Opinion
34459.
ARGUED JANUARY 16, 1979.
DECIDED APRIL 5, 1979. REHEARING DENIED APRIL 17, 1979.
Murder. Chatham Superior Court. Before Judge Oliver.
Ashman Zipperer, Ralph R. Lorberbaum, for appellant.
Andrew J. Ryan, III, District Attorney, Robert M. Hitch, III, Assistant District Attorney, Arthur K. Bolton, Attorney General, William B. Hill, Jr., Staff Assistant Attorney General, for appellee.

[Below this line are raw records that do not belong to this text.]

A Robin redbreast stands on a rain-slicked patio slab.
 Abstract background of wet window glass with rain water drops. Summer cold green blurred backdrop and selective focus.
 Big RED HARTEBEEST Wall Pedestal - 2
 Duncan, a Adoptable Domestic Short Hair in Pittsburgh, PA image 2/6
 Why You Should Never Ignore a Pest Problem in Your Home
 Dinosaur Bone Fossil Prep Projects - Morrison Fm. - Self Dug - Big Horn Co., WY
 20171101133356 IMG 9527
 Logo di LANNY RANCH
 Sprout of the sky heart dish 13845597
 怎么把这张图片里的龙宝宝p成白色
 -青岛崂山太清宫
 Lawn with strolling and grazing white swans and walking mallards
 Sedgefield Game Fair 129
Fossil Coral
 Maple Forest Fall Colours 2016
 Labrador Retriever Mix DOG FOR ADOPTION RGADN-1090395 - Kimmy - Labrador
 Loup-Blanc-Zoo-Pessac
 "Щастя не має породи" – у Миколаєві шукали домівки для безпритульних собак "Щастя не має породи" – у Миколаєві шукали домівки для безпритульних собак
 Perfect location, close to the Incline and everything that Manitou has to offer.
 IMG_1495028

Donald Dawson Kyles was convicted of the murder of Lucinda Wingster and was sentenced to life imprisonment. He appeals. This court affirms.
Kyles questioned the victim, his fiancee, about an affair she had with another man. She responded that whatever she had done with the other man was her business. Kyles slapped her. She grabbed a butcher knife and Kyles stabbed her to death with it as they struggled.
1. He first enumerates as error the refusal of the trial court to allow him to ask a prospective juror the following question: "Do you think a person has the right to defend himself if he is being attacked or assaulted?" Self-defense was his sole defense. In Adams v. State, 139 Ga. App. 670 (1) ( 229 S.E.2d 142) (1976), the failure of the trial court to allow the identical question to be asked of a prospective juror was held to be error on the ground that the question was not such a technical legal question as would be inappropriately asked of or answered by a layman juror.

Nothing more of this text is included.